▶ [Instructions to follow]: Write out all records as given; omit images.

── Provided data ──

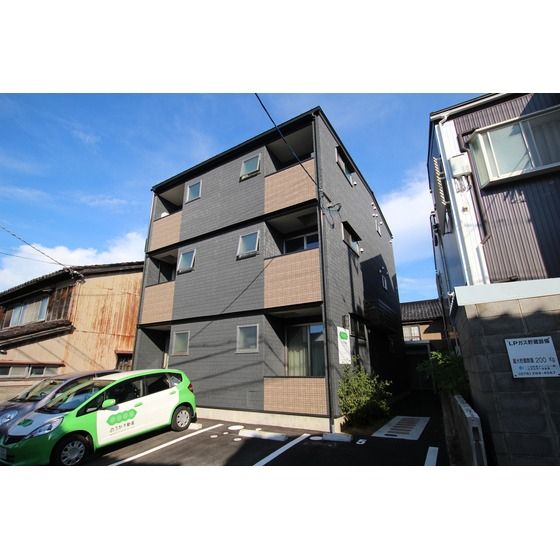Laniの外観画像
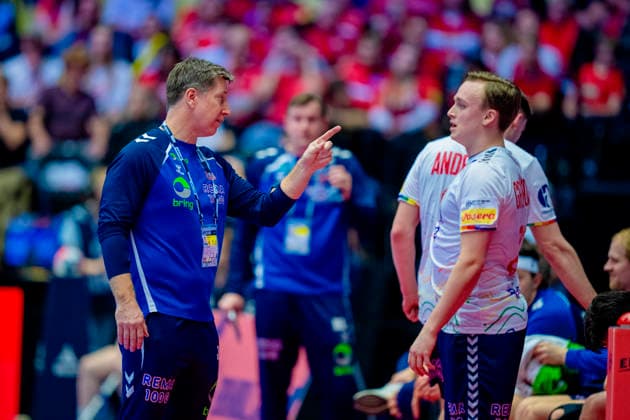 Handball European Championship 2026 Germany Norway Herning, Denmark 20260124 National team manager Jonas Wille and Tobias Grondahl during the European Championship handball match between Germany and Norway in the Boxen arena in Herning Photo Stian Lysberg Solum NTB Herning Denmark EDITORIAL USE ONLY RESTRICTED USE FOR BETTING COMPANIES  Copyright: xStianxLysbergxSolumx xNTBx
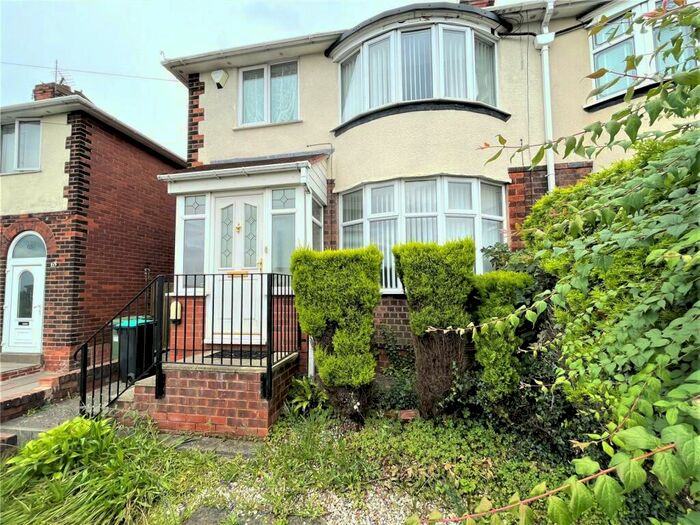 3 Bedroom Semi-Detached House To Rent In Forest Road, Mansfield, Nottinghamshire, NG18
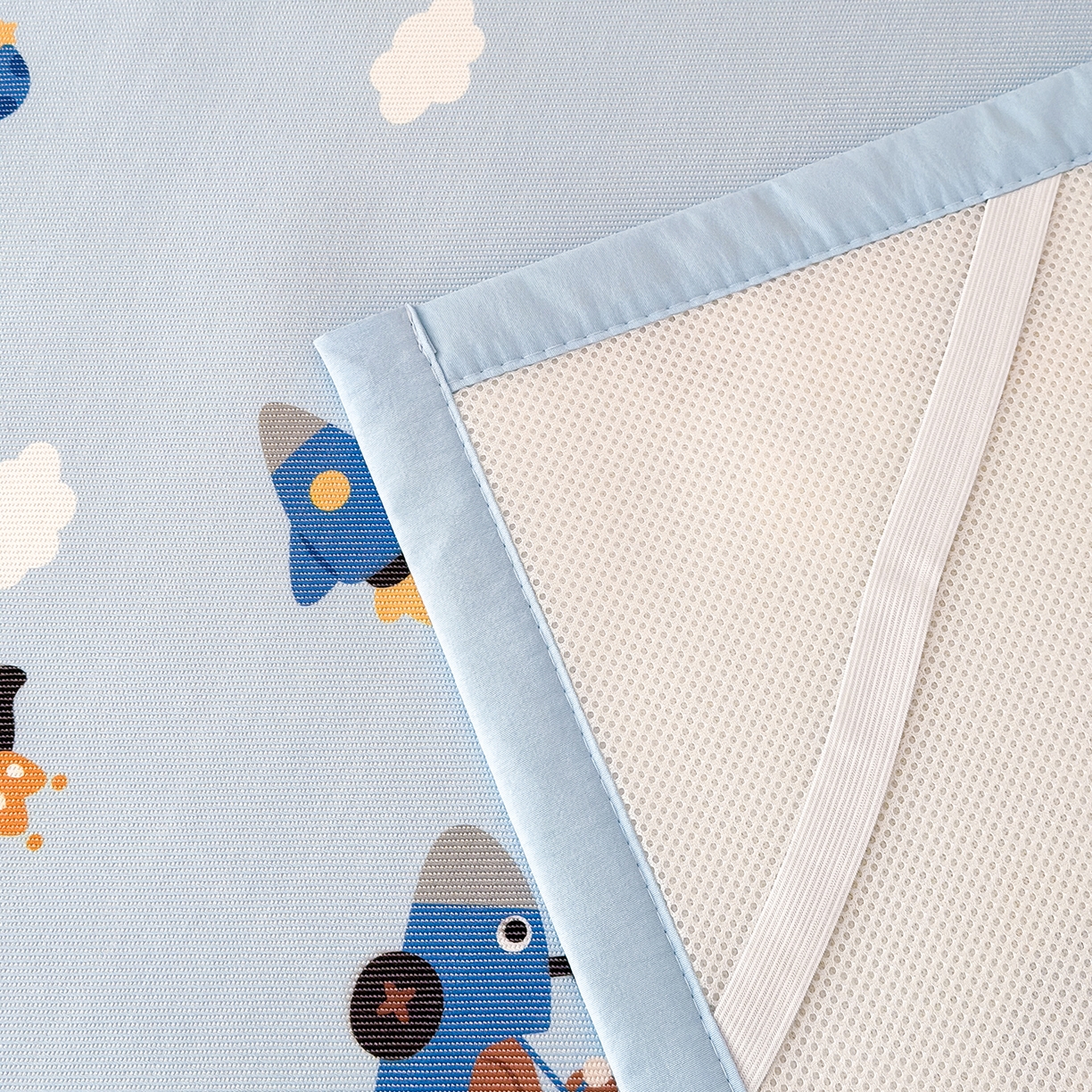 91家纺网 家纺一手货源 找家纺 嗨生活 2026新款600D冰丝凉席儿童婴儿床凉席幼儿园凉席拼床凉席席子 快乐男孩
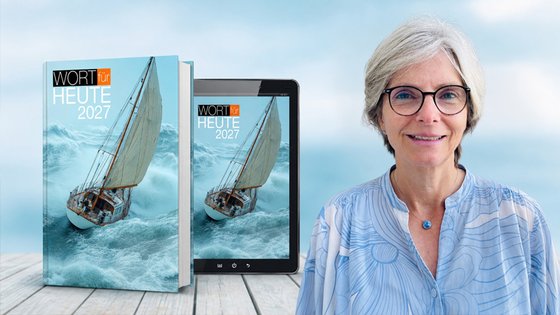 Fotomontage vor hellblauem Hintergrund: Rechts lächelt Pastorin Ute Armbruster-Stephan mit kurzem grauem Haar, Brille und hellblauer Bluse. Links stehen Buch und Tablet mit dem Cover von »Wort für heute 2027«: ein Segelboot in hohen Wellen.
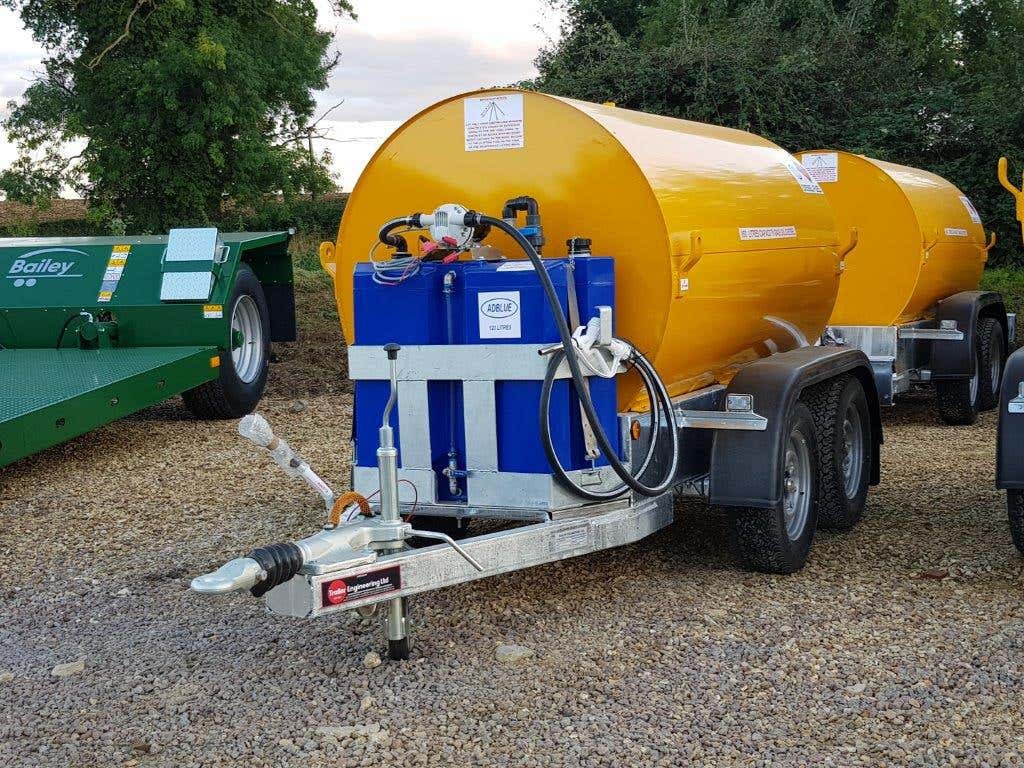 950 Litre Highway Diesel Bowser with 12v Electric Pump and AdBlu 120 litre tank with Electric Pump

───

▶ [Answer to the exercise]:
Laniの外観画像
 Handball European Championship 2026 Germany Norway Herning, Denmark 20260124 National team manager Jonas Wille and Tobias Grondahl during the European Championship handball match between Germany and Norway in the Boxen arena in Herning Photo Stian Lysberg Solum NTB Herning Denmark EDITORIAL USE ONLY RESTRICTED USE FOR BETTING COMPANIES  Copyright: xStianxLysbergxSolumx xNTBx
 3 Bedroom Semi-Detached House To Rent In Forest Road, Mansfield, Nottinghamshire, NG18
 91家纺网 家纺一手货源 找家纺 嗨生活 2026新款600D冰丝凉席儿童婴儿床凉席幼儿园凉席拼床凉席席子 快乐男孩
 Fotomontage vor hellblauem Hintergrund: Rechts lächelt Pastorin Ute Armbruster-Stephan mit kurzem grauem Haar, Brille und hellblauer Bluse. Links stehen Buch und Tablet mit dem Cover von »Wort für heute 2027«: ein Segelboot in hohen Wellen.
 950 Litre Highway Diesel Bowser with 12v Electric Pump and AdBlu 120 litre tank with Electric Pump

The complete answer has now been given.